HMD Global debuted the new Nokia 6 (2018) smartphone at Mobile World Congress. However, the company did not mention when the device would be available or how much it would cost. This is pretty common for trade show announcements, especially when talking about all the different markets out there. And that's because launch dates and prices will vary in different markets. But Dutch retailer, Belsimpel has listed the 3GB of RAM, 32GB model coming in at €279 with the 4GB/64GB model being priced at €299. It will likely be around that same price, in other parts of Europe. In the US, there's no pricing noted, but it'll likely be around $350 or so, and it is slated for a May release. It should be launching slightly earlier in Europe (likely around April), as that is HMD Global's main market for Nokia smartphones.

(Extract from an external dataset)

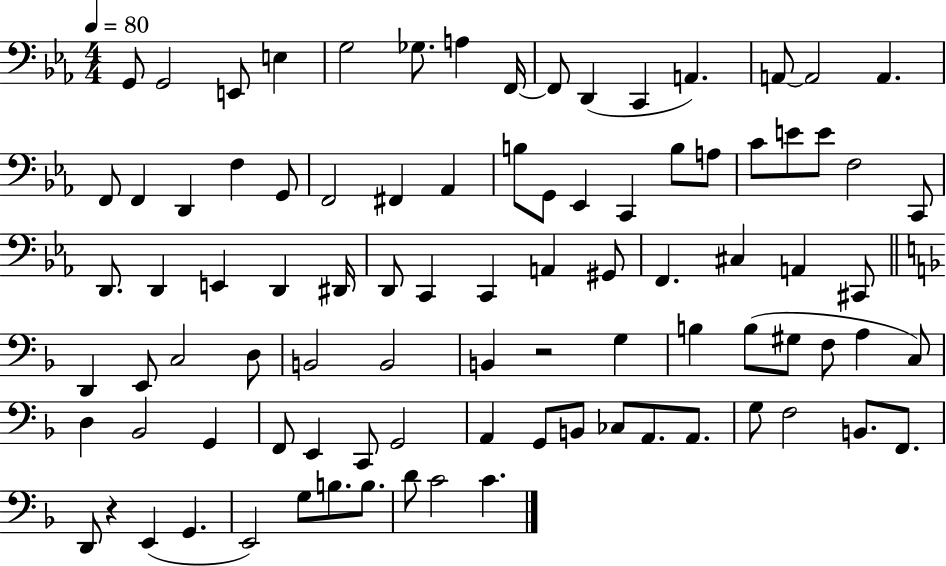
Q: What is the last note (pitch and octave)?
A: C4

The Nokia 6 (2018) is in the higher-end of the mid-range tier, sporting a 5.5-inch Full HD display, with the Qualcomm Snapdragon 630 chipset powering the device. There's either 3GB of RAM and 32GB of storage or 4GB of RAM and 64GB of on-board storage available. There is also a micro SD card slot available for expanding the storage here, up to 256GB of extra storage. It does have a single camera, a 16-megapixel sensor on the back, with phase-detection auto-focus. While the front-facing camera is a 8-megapixel sensor. This is all powered by a 3000mAh battery as well, which is also non-removable. That large battery should keep the Nokia 6 (2018) running throughout the day.

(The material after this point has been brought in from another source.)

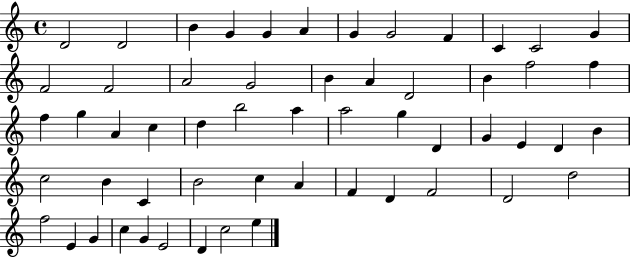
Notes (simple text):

D4/h D4/h B4/q G4/q G4/q A4/q G4/q G4/h F4/q C4/q C4/h G4/q F4/h F4/h A4/h G4/h B4/q A4/q D4/h B4/q F5/h F5/q F5/q G5/q A4/q C5/q D5/q B5/h A5/q A5/h G5/q D4/q G4/q E4/q D4/q B4/q C5/h B4/q C4/q B4/h C5/q A4/q F4/q D4/q F4/h D4/h D5/h F5/h E4/q G4/q C5/q G4/q E4/h D4/q C5/h E5/q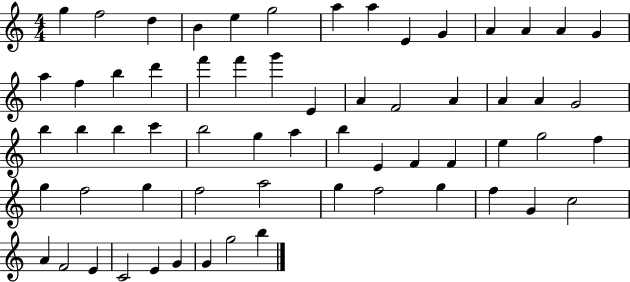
G5/q F5/h D5/q B4/q E5/q G5/h A5/q A5/q E4/q G4/q A4/q A4/q A4/q G4/q A5/q F5/q B5/q D6/q F6/q F6/q G6/q E4/q A4/q F4/h A4/q A4/q A4/q G4/h B5/q B5/q B5/q C6/q B5/h G5/q A5/q B5/q E4/q F4/q F4/q E5/q G5/h F5/q G5/q F5/h G5/q F5/h A5/h G5/q F5/h G5/q F5/q G4/q C5/h A4/q F4/h E4/q C4/h E4/q G4/q G4/q G5/h B5/q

HMD Global also noted that all of its smartphones moving forward are going to be either Android Go or Android One smartphones. The Nokia 6 (2018) isn't an inexpensive, and low-end smartphone, so it falls into the Android One category. What that essentially means is that the device is sporting stock Android, with a few bits added in from HMD Global – like the camera app and software – and it should also get faster updates. That is actually something that HMD Global and Nokia have been touting over the past year, pushing out updates faster since it is keeping its software rather "vanilla" compared to other companies.